**COLLECTED MATERIAL**
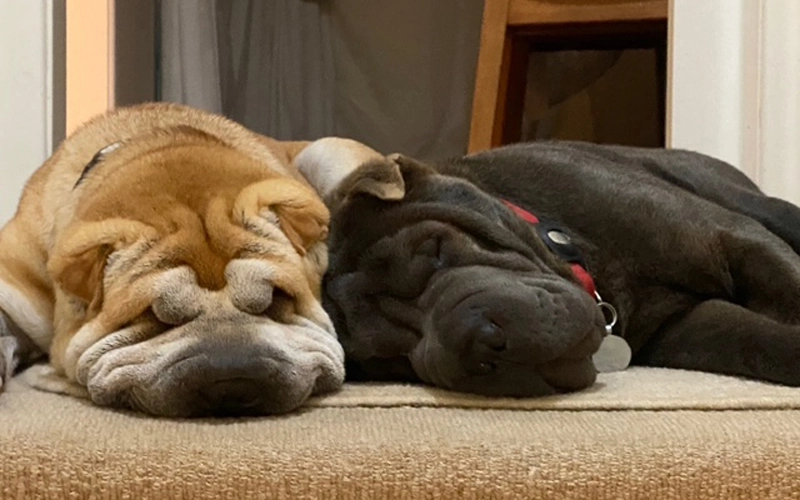 EG33_Dogs_4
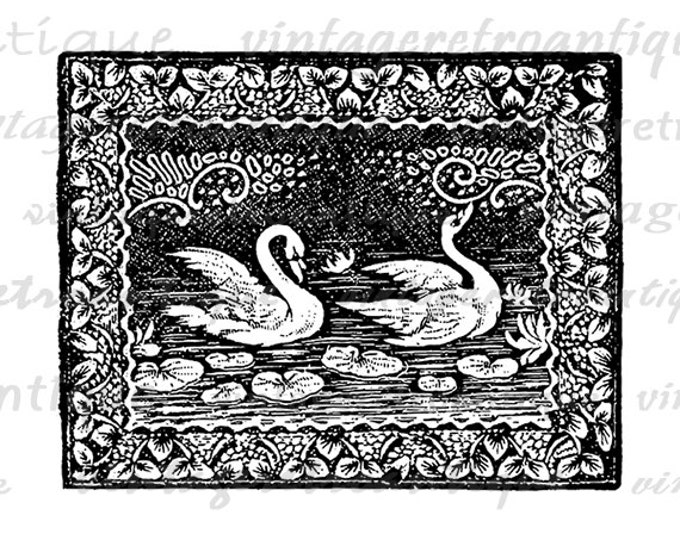 Swans Image Digital Printable Illustration Graphic Birds Download Antique Clip Art Jpg Png Eps HQ 300dpi No.1265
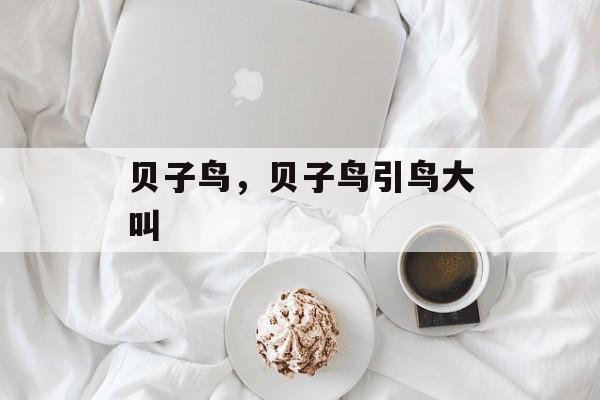 贝子鸟，贝子鸟引鸟大叫-第1张图片-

**WORK TO COMPLETE**
Would you repeat each line of the listing exactly, skipping any picture?

**YOUR SOLUTION**
 EG33_Dogs_4
 Swans Image Digital Printable Illustration Graphic Birds Download Antique Clip Art Jpg Png Eps HQ 300dpi No.1265
 贝子鸟，贝子鸟引鸟大叫-第1张图片-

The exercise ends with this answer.